Submitted by Christine Whelan
Oct 14th, 2021, VOL. 3 ISSUE 4
The plaque to commemorate the once hidden battle that took place June 2, 1866, right after the well-documented Fenian Raid in Ridgeway, at the docks along with the Niagara Region, can now be seen in the Niagara Parks area, along the trail, in the middle of where the battle took place.
June E. Chipp, historian, member of the Bertie Historical Society and author of Duty and Honour: The Stand Against the Fenians in Fort Erie had connected with family members of Walter T. Robb, the Captain of the W.T. Robb, the tugboat that brought the Dunnville area citizens, who stood up and learned to fight, to Fort Erie by Lake Erie, then up the Niagara River, and to the docks.
Kathy Robb of Orangeville, her sister Bev Bouwmeester and her husband Tony of Spruce Grove, Alberta were in Ontario visiting family. While here, they came to Fort Erie to visit the plaque. Kathy and Bev are the great, great-granddaughters of Captain Walter T. Robb, Captain of the boat.
Sharon Dell, June Chipp, and Rick Doan of the Bertie Historical Society made plans to meet with them Monday, October 4th to see the plaque and tell the story. I felt honoured, they invited me.
We met at the plaque. After introductions, we read the plaque.
Bev explained, “Kathy and I were both born in Orangeville and our grandfather was Judge Walter T. Robb. So, it would go back through his family line.”

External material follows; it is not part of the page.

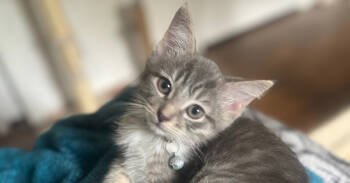 Rescue Tabby and Domestic Short Hair Cats for Adoption in Richardson, Texas - Chanel | PetCurious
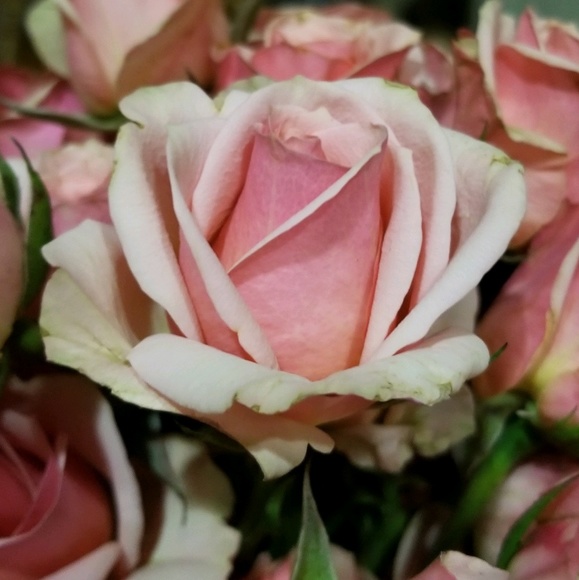 Meet your Posher, Maria - Picture 1 of 1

Tony added, “We’ve been down to Dunnville quite a few times, to go through the cemetery,” where Judge Walter T. Robb was buried.
“It goes back a few generations.”
The group split off into smaller groups of two and three, all around the plaque. At times, there would be a turn and referral to the plaque, a finger pointed. Questions were asked. Descriptions were provided. There was discussion and sometimes calm debate on the different details that have been documented and told, gathering the dots and attempting to connect them.

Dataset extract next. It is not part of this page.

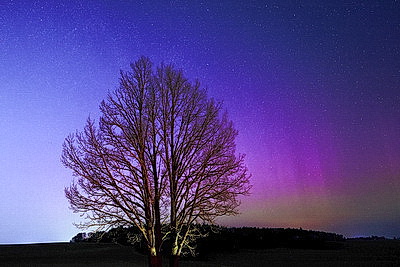 Полярное сияние в небе над Беларусью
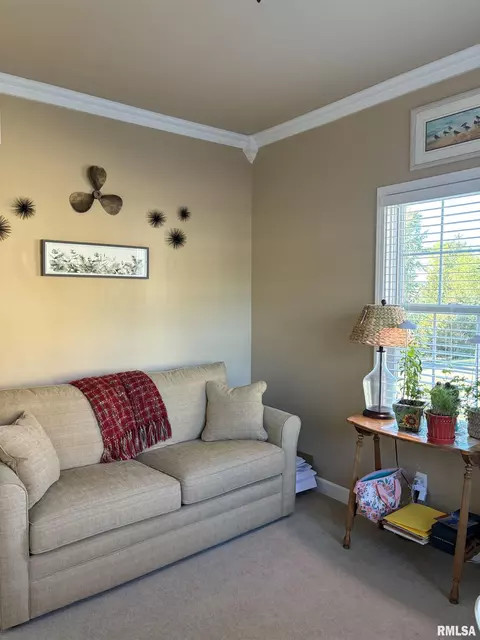 Other - 303 S Riverview Ct, Lacon, IL 61540 photo 3 of 9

“Robb’s orders from Dennis were, if it gets too hot, save the 57 prisoners and the boat. There was no order to stand by and save the men because he wanted those prisoners for a prize.”

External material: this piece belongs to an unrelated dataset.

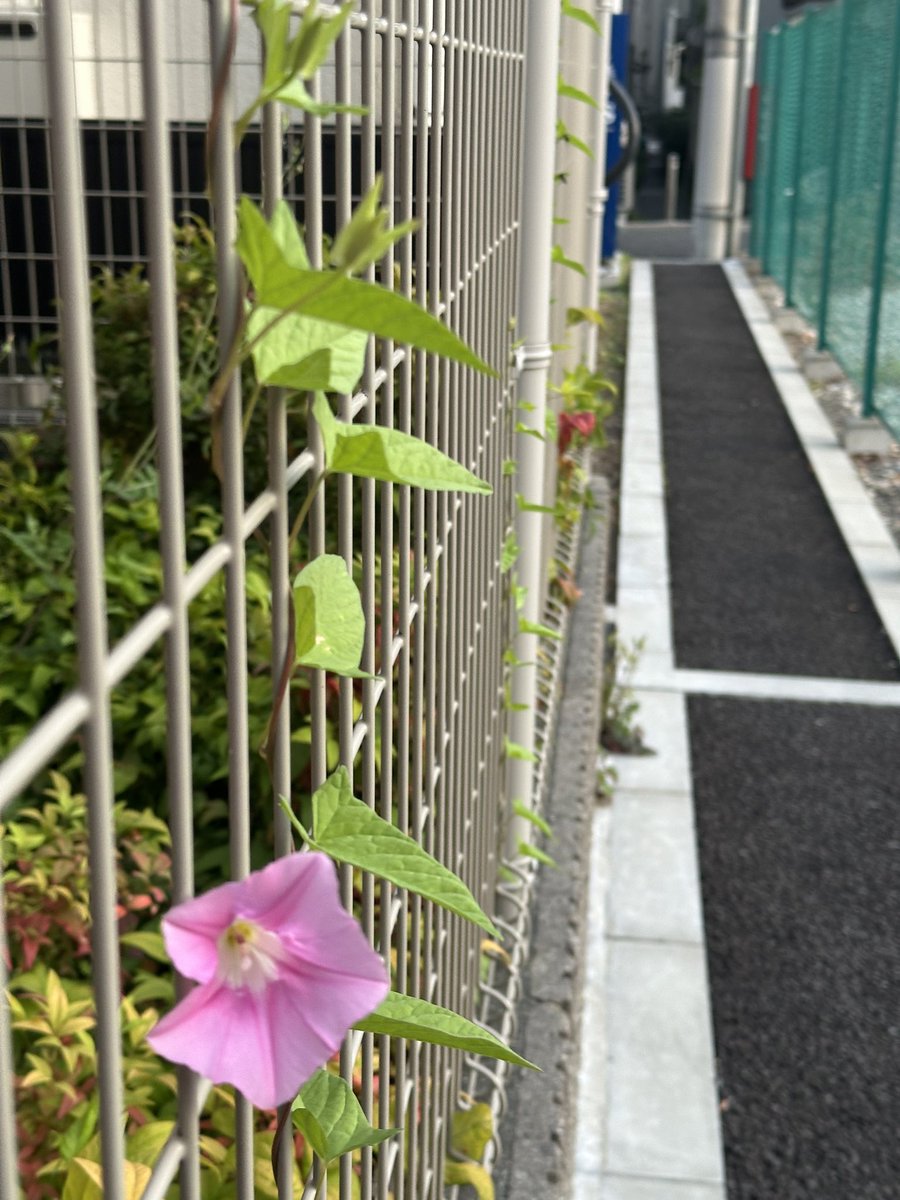 ꔘ ꗺ丑三ꔘ ꗺ tweet media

June and Sharon were referring to Colonel Dennis, who had, according to the hidden documents, deserted the scene and the men who trusted him.
“Robb could have obeyed his orders and gone right back to Port Colborne,” but he did everything he could to get the men back on the boat.
June and Sharon shared details, painting a picture of the hero whose descendants traveled quite a distance to get to know through storytelling, pointing to the river, then down the Niagara Boulevard, pivoting around while describing the scene and gesturing up the hill where Murray Street is.
“He did everything right. He backed up when he couldn’t help anymore.”
“They shot from the boat.”
“It was like a gauntlet because they were being shot at as they were leaving down the river.”
“Robb was shot at, and grazed.”
A perfect example of history lives on.
The story was told, Captain Robb died two years after the battle. He was out fishing in Lake Erie off Long Point with his brother and they both drown. This sparked a recent revelation.
Kathy shared enthusiastically with the group, “Yes, I found out about the drowning recently, and you know what? When we were children, our grandfather made sure we all took swimming lessons, because, he said, someone, he knew had drowned. So now, this makes sense.”
Bev and Tony’s oldest son Jason is really interested in the family tree. Tony explained, Jason takes this genealogical research very seriously. He accepts no details unless it’s backed up with official documentation. “This way, he keeps it authentic.”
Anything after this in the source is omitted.